No, not for doomsday.  Although if the deadline is tight it can feel that way.    This post is all about getting your quilt ready to send to a show.   As show season approaches I hope that some of you at least are planning to enter your work in a local show like the Dutchess County Fair,  or the Dutchess Hereitage Quilt Show.    These are shows that are not juried,  the only reason they would turn you down is they ran out of room.    They are also local enough for you to be able to drop off and pick up your quilts in person saving the expense and worry of shipping,   and of course you then get the excitement of seeing your piece hanging in the exhibition.  IMG_1186

I do encourage every quilter to share their work in this way at least once.   Seeing it hanging is a formal situation changes your perspective and many people are pleasantly surprised at how their work compares.   The main reason I think showing is good is that it adds emotional value to our work.    Too many quilters are dismissive of what they make.   Quilts are beautiful works of art that display technical knowledge,  precise skills,  and creativity.     They deserve to be shown.
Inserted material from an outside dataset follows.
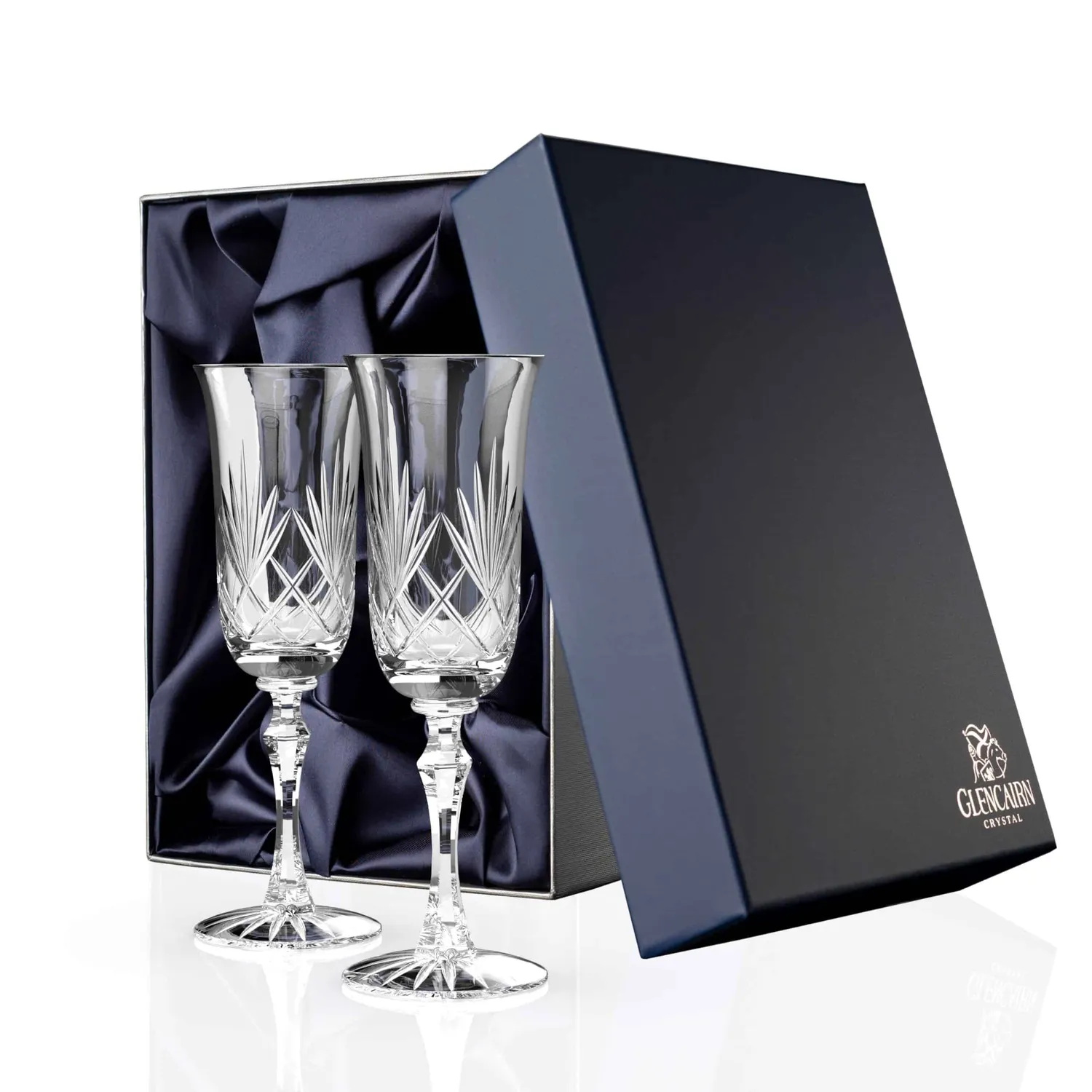 The Glencairn Glass Edinburgh Flute champagneglas kristal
So you have decided to enter a show and gotten the entry form.    Now read it carefully.   It will have information about drop off and pick up,   hanging sleeve and label directions,   and a place for you to be able to say a few things about your project.   It will also have questions about size, materials, quilting, and age.    I bet you didn’t realize how much there is about your quilt that they need to know.   Some shows will also ask for  a photograph so they can have a visual for identification purposes.    Just take it one bit at a time.   If you have questions, ask them of the committee,  or bring it in to me and I can usually help decipher for you.

Then there is the quilt itself.   All of a sudden the project that you curled up under with popcorn and a movie on the couch needs to get gussied up.   First,  if it is washable, do it.  It helps the batting get fluffed and lets the quilting show.   If needed block it so it hangs straight.   Be sure that your binding is well attached and that the miters on the corners are as good as you can get them.   Sew the miters closed with a few stitches too,  it helps them stay nicer and these days judges look for that.   Be sure that there are no loose threads or pet hairs ( I have to be very careful of that— thank you Jake ),   and follow instructions for hanging sleeve and label exactly.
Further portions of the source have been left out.